There was a surge in UK yields and a further big shift in expectations surrounding interest rates with traders pricing in at least two rate hikes this year and a high risk of three hikes.

The 2-year yield jumped to 4.60% from 3.50% at the end of February while the 10-year yield hit a 16-year high near 5.00%

Energy prices surged again following attacks on Middle East gas infrastructure and the dollar still generated defensive demand amid vulnerable risk conditions and weaker equity markets.

On the UK, Standard Chartered noted; “The recent spike in energy prices has revived a familiar dilemma for the BoE – tackle inflation or support softer demand.”

The combination of higher energy prices and yields will have a major negative impact on the economy.

According to MUFG; “The pound is deriving support from the surge in yields (although less support than usual for such a scale of rates move) and that will likely give way if broader risk conditions worsen.”

The Bank of England (BoE) held interest rates at 3.75%, in line with consensus forecasts.

There was a 9-0 vote for unchanged rates compared with expectations that two members would continue to back rate cuts.
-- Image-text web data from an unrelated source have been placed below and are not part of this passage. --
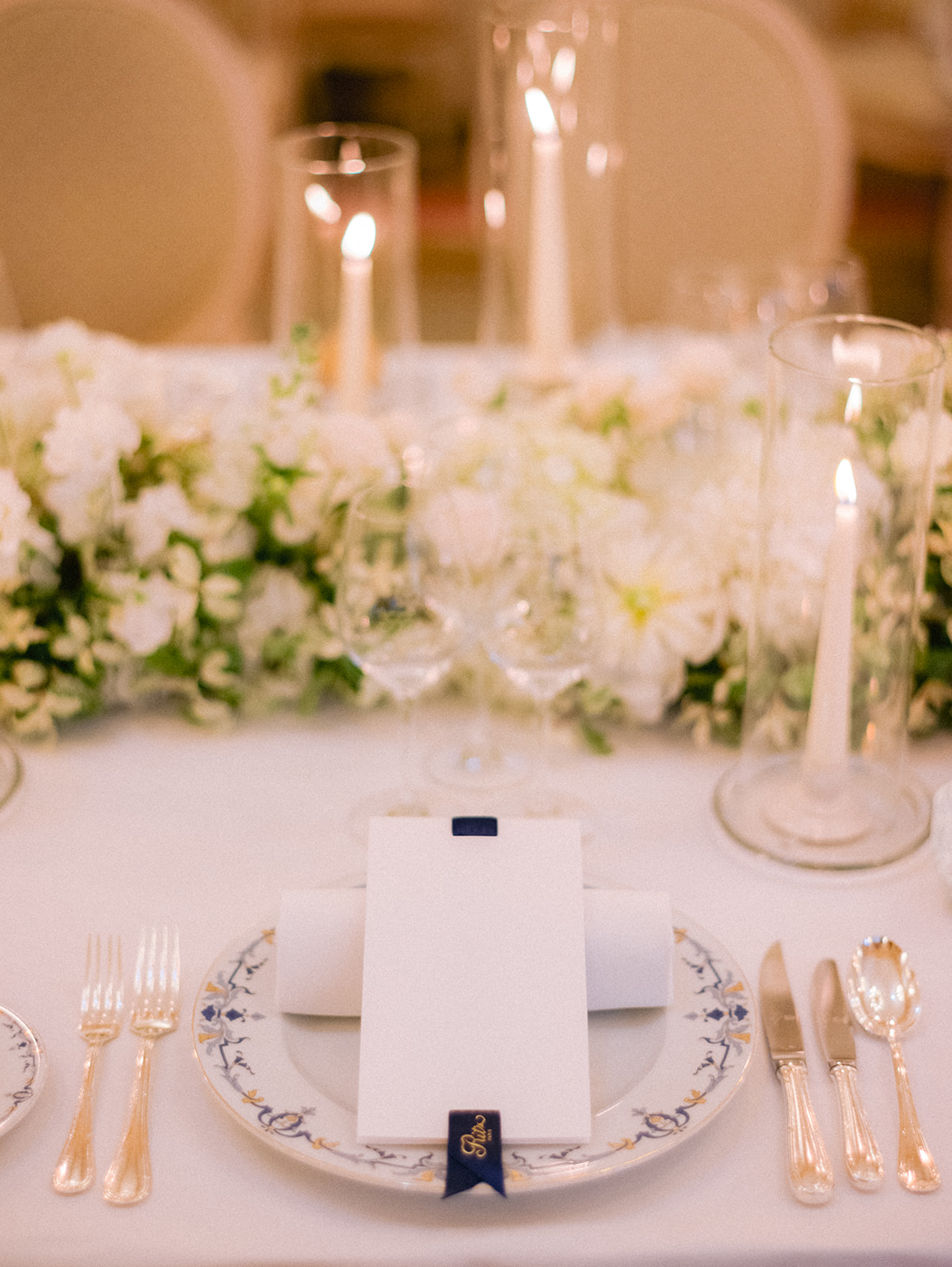 Candlelit wedding table with white floral design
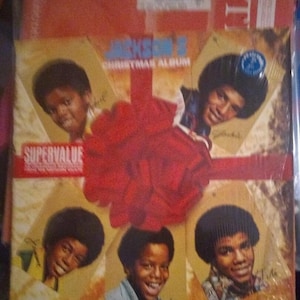 May include: A red and gold Christmas album cover featuring a group of five young men with afros. The album title is "Jackson 5 Christmas Album" and the words "Supervalue" are printed on the cover.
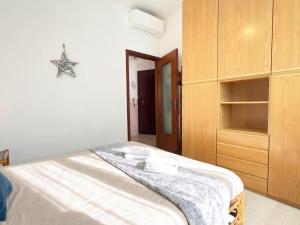 Giường trong phòng chung tại 250 mt dal mare - Alloggio Centrale con Aria Condizionata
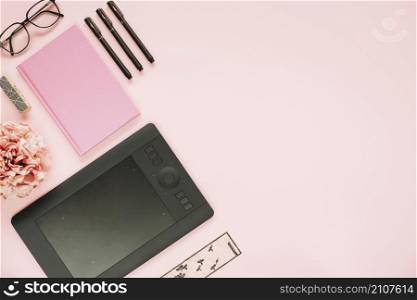 graphic digital tablet stationeries pink background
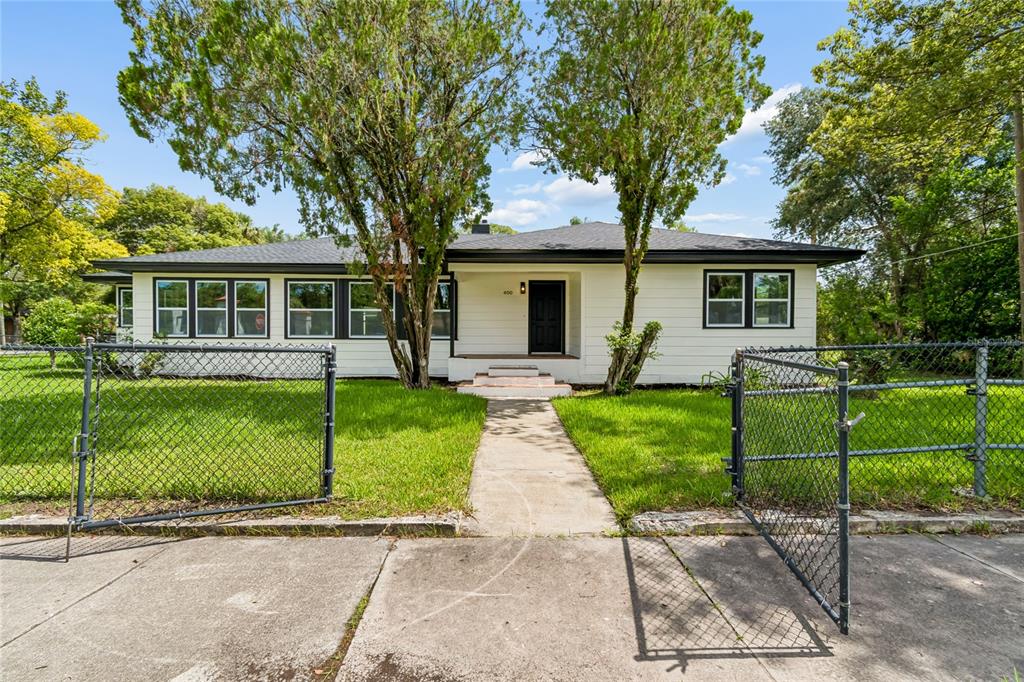 A single-story white house with a black roof and trim sits behind a chain-link fence — 400 PLUMOSA DRIVE, SANFORD, FL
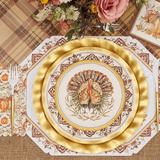 Thanksgiving-themed place setting with gold plates, turkey design, and decorative napkins on a plaid tablecloth.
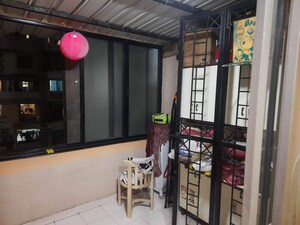 Living Room in 2 BHK Apartment at Gangadham Apartment, Market Yard – for Sale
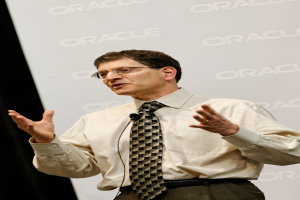 Eine Person steht vor einer Sponsorwand und trägt Kleidung und eine Brille.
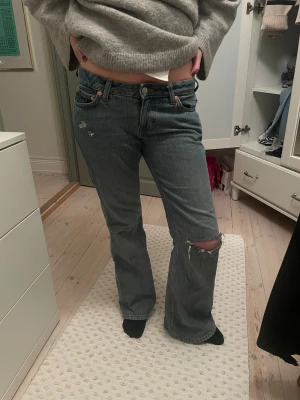 Weekday jeans - Säljer ett par relativt straight/ bootcut jeans från weekday med hål på knät och där uppe. Storleken är: w27, L32.            midjemåttet är ca 40cm, och innerbensmåttet 75cm. Min syrra på bilden är ca 163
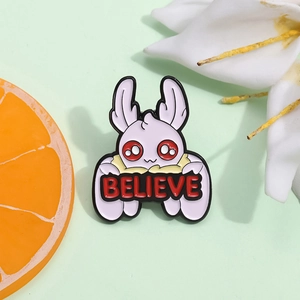 Mini purple moth enamel pin with red eyes and Believe lettering on a green background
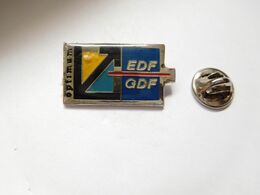 Delcampe - Beau Pin's , EDF GDF , Optimum , Signé BUS IE - EDF GDF
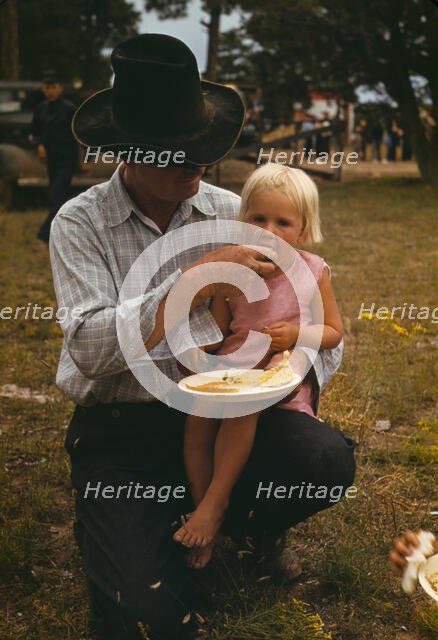 Homesteader feeding his daughter at the Pie Town, New Mexico Fair free barbeque, 1940. Creator: Russell Lee.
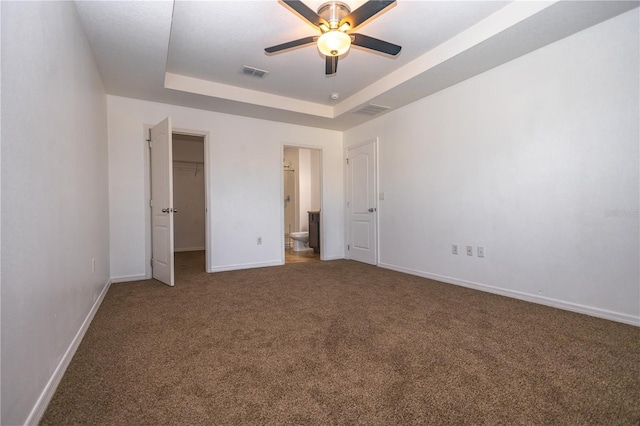 unfurnished bedroom with connected bathroom, a walk in closet, carpet flooring, a tray ceiling, and a closet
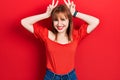 Redhead young woman wearing casual red t shirt posing funny and crazy with fingers on head as bunny ears, smiling cheerful Royalty Free Stock Photo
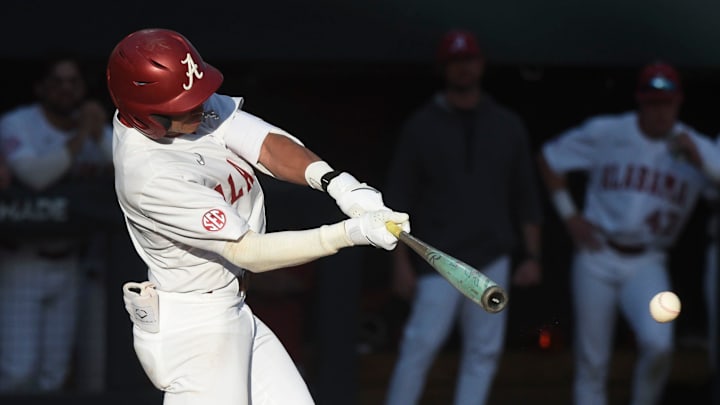 Feb 23, 2024; Tuscaloosa, Alabama, USA; Alabama batter Justin Lebron connects for a hit during the opening game of the weekend series with Valparaiso at Sewell-Thomas Stadium.
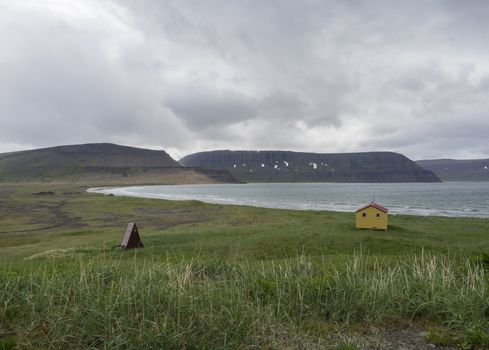 View on latrar camp site in adalvik cove with yellow emergency shelter cabin in west fjords nature reserve Hornstrandir in Iceland, with green grass meadow, stone beach, ocean, snow patched hills and dark clouds background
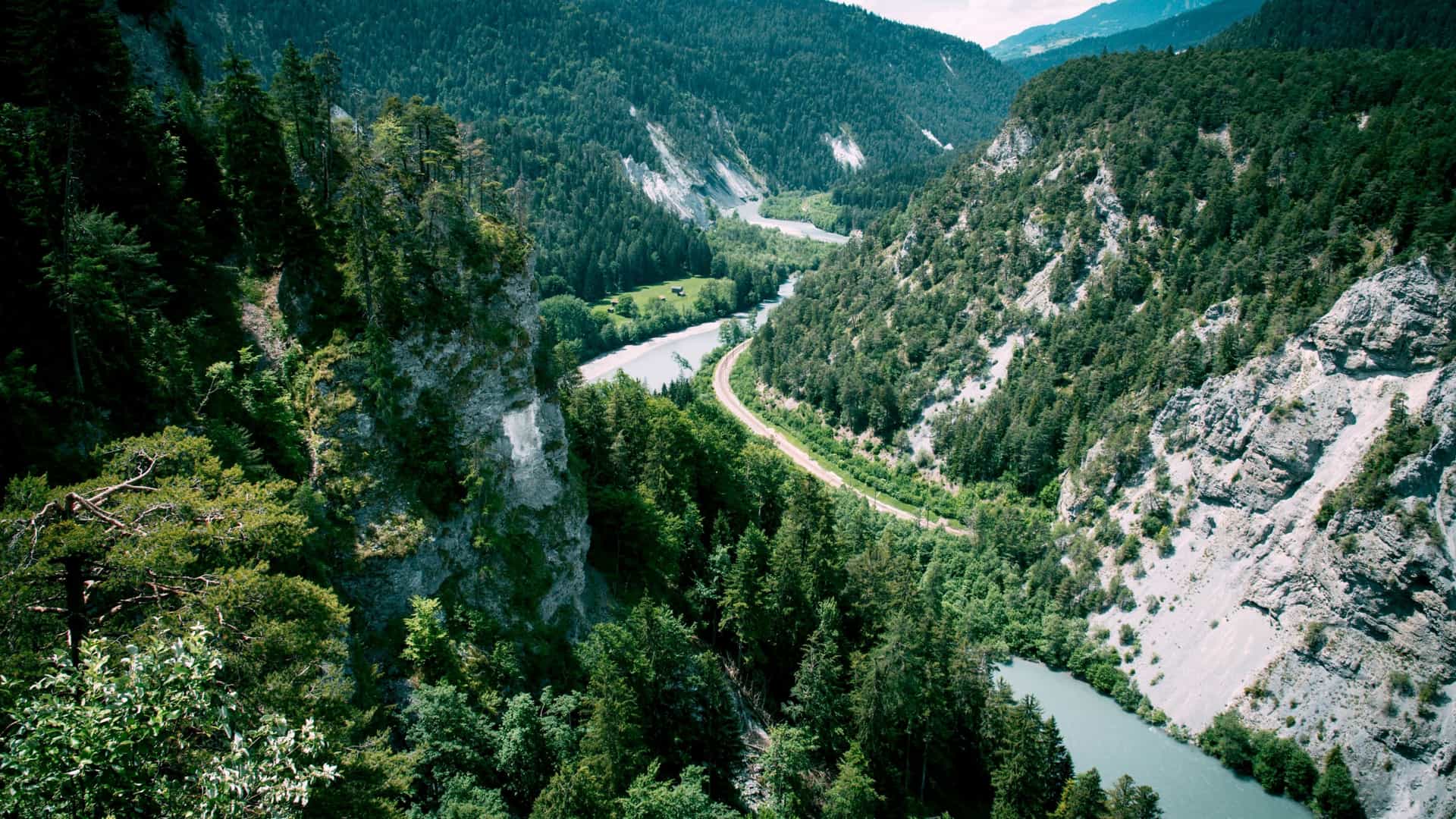 An aerial view of the Rhine Gorge, Switzerland, with a winding river and a small road carving through a lush, green forest and steep, rocky cliffs.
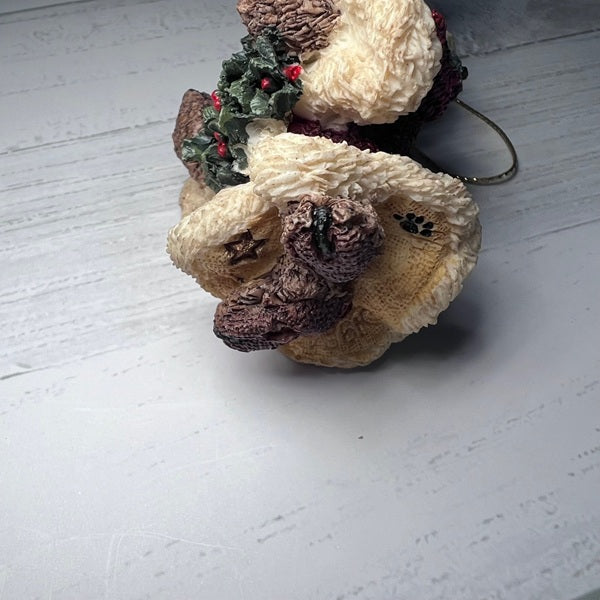 Decorative ornament resembling a bear with a Christmas wreath on a white surface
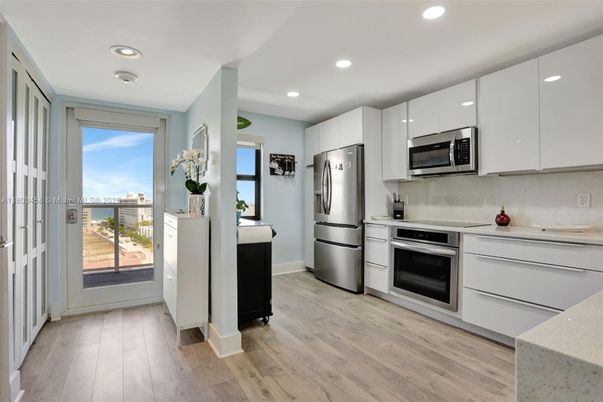 Interior, Kitchen, Recessed Lighting, Stainless Steel Appliances, Wood Texture Flooring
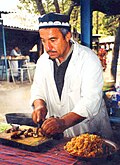 Erkak Tojikiston milliy taomi boʻlgan palov tayyorlaydi.
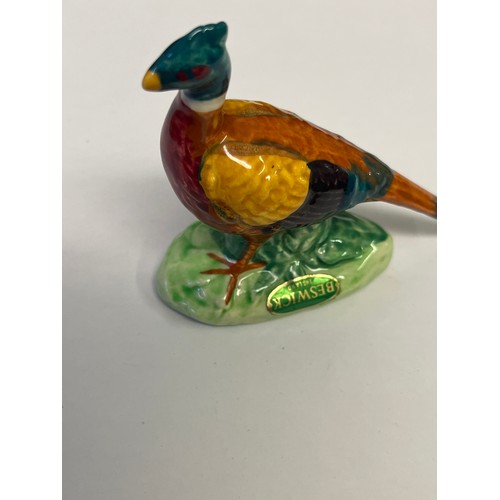 51 - SMALL BESWICK PHEASANT FIGURINE AND A PORCELAIN PELICAN WALL PLAQUE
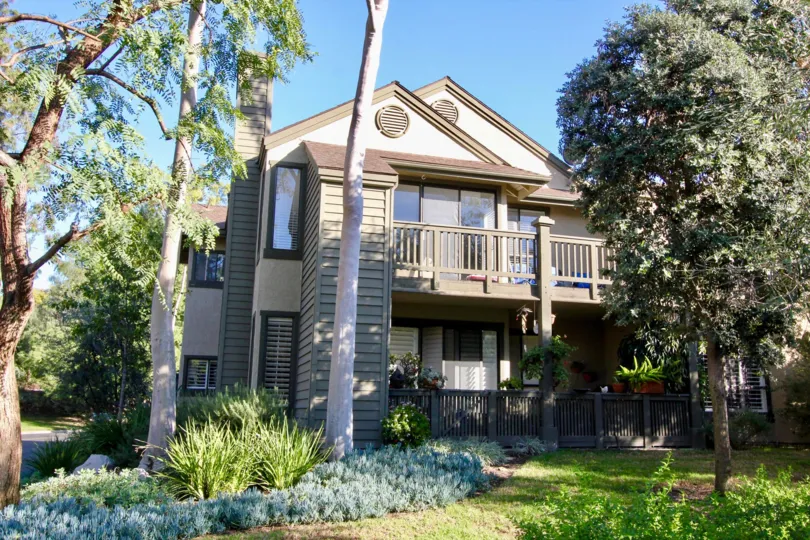 Tall trees with bushes and plants placed near to the villa in Ridge Townhomes Akins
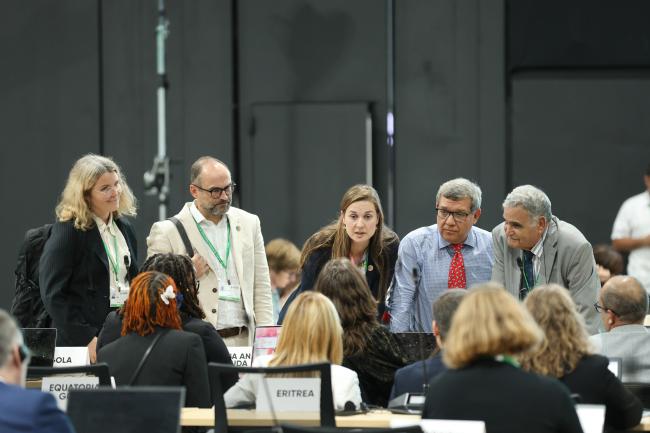 Participants forming a huddle during the afternoon plenary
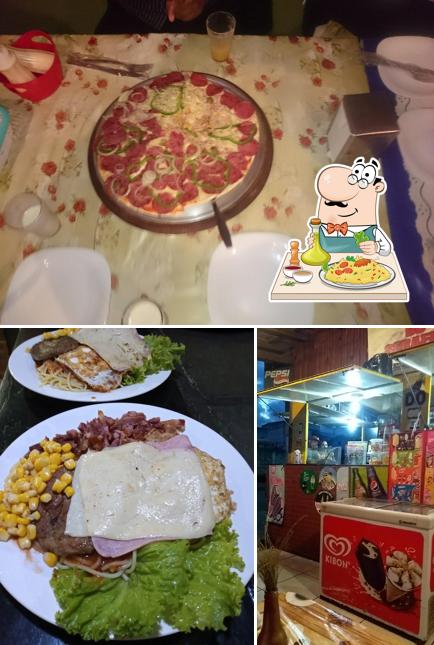 Entre diversos coisas, comida e mesa de jantar podem ser encontrados no Trailer Do Serafim
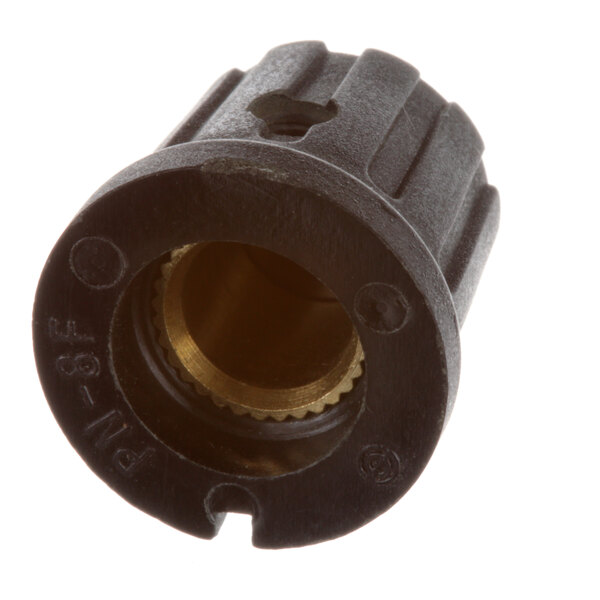 A black plastic Wisco Industries T-Stat knob with a gold center.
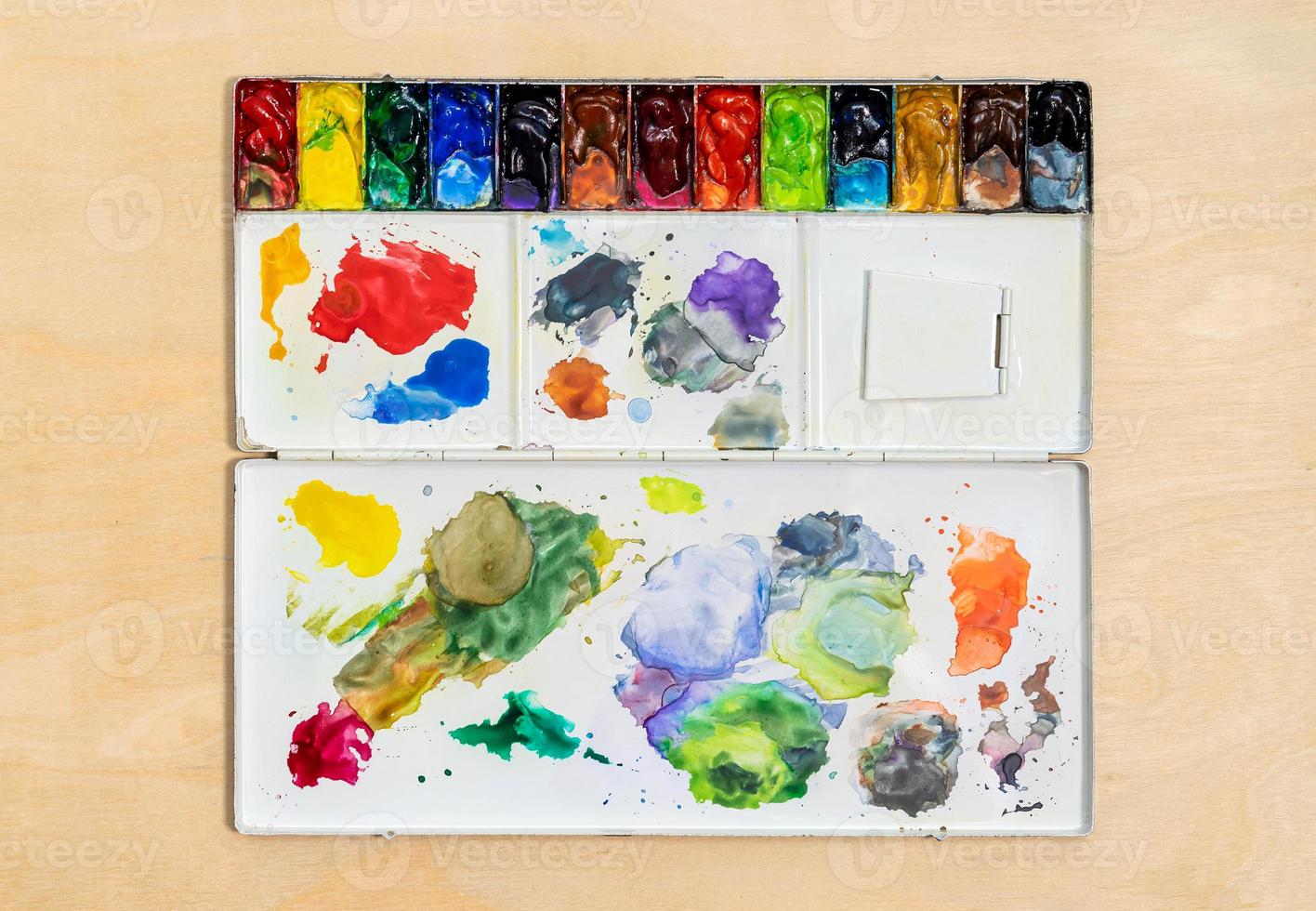 Metal watercolor palette box with colorful watercolor set on wood background. photo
The central bank also warned that it was watching the impact of energy prices closely amid concerns over the risk of second-round impacts on inflation.

ING commented; “The Bank of England's unquestionably hawkish decision to hold rates has opened the door to future hikes if energy prices stay elevated.”

It added; “Yet we'd be careful in drawing clear signals from today's move, which also floated the possibility of faster rate cuts. Under ING's base case energy scenario, we think the most likely path forward is a prolonged pause.”

The Federal Reserve held interest rates at 3.75% at the latest policy meeting, in line with consensus forecasts.

Chair Powell emphasised that there was a high degree of uncertainty over the outlook.

The interest rate forecasts from individual committee members continued to have a mean projection of one cut for this year.